As reported earlier this week, overnight Bloomberg confirmed that Wu Xiaohui, the chairman of China’s insurance conglomerate which recently made headlines in the US for nearly reaching a deal with Jared Kushner over 666 Fifth Ave., was detained by a joint team of Central Commission for “Discipline Inspection” and police for questioning. It adds that that Chinese investigators who detained Wu are carrying out a wide probe that includes looking into the sources of funding for the firm’s acquisitions overseas, possible market manipulation by insurers, and “economic crimes.”
The Wall Street Journal reported earlier that investigators were een checking whether Wu – whose fortune last year was calculated to be just over $1 billion – was involved in bribery and other economic crimes at Anbang and that Wu couldn’t be contacted for comment. As noted on Wednesday, Anbang said Wu couldn’t perform his duties for personal reasons, a story which has since been disproved.

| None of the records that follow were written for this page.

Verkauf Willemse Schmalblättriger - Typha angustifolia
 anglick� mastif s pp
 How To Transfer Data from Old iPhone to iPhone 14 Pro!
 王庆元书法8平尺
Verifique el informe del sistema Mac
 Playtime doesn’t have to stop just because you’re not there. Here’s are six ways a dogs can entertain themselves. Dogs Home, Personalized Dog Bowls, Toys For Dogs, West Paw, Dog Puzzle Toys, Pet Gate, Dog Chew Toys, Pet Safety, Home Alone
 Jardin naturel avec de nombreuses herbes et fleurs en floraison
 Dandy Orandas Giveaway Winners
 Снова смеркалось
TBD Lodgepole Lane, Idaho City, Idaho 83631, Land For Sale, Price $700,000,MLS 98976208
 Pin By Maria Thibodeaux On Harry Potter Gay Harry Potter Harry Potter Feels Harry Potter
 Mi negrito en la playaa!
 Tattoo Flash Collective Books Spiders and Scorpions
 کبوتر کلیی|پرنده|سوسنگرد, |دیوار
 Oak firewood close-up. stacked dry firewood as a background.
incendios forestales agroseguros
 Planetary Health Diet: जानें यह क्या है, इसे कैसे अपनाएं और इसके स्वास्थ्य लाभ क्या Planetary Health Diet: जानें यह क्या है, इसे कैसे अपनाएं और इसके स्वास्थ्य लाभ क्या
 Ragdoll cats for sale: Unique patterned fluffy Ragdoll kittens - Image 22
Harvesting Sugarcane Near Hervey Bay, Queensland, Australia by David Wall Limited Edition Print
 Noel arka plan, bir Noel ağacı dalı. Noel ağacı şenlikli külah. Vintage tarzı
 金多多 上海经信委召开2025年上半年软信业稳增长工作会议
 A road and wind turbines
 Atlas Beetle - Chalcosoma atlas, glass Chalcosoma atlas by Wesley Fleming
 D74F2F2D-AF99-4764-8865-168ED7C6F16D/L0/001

The authorities are said to be examining Anbang transactions including acquisitions overseas and their funding. According to Bloomberg;s sources, the probe also fits into a broader investigation of possible market manipulation by insurers, although they didn’t specifically define the term “economic crimes.” The action is the result of the government’s crackdown on a sector that is “supposed to help families and companies cut their financial risks, but has recently become a hub for rampant financial speculation.”
Yet while Wu’s fate now appears sealed, swallowed by China and unlikely to reemerge any time soon if ever, questions have emerged about the viability of Anbang Insurance Group itself, which as the NYT reported overnight, has seen its growth come to a “screeching halt” as Chinese investors who helped fund its meteoric rise no longer want to have anything to do with the politically connected company which is “no longer in Beijing’s good graces.”
Specifically, according to government data released on Thursday, Anbang’s sales of life insurance policies and investment products, an key source of cash, stopped almost completely in April after tumbling sharply in March. It wasn’t just Anbang: across the insurance industry, where the (ab)use of Wealth Management Products is prevalent, sales slowed in April compared with earlier in the year.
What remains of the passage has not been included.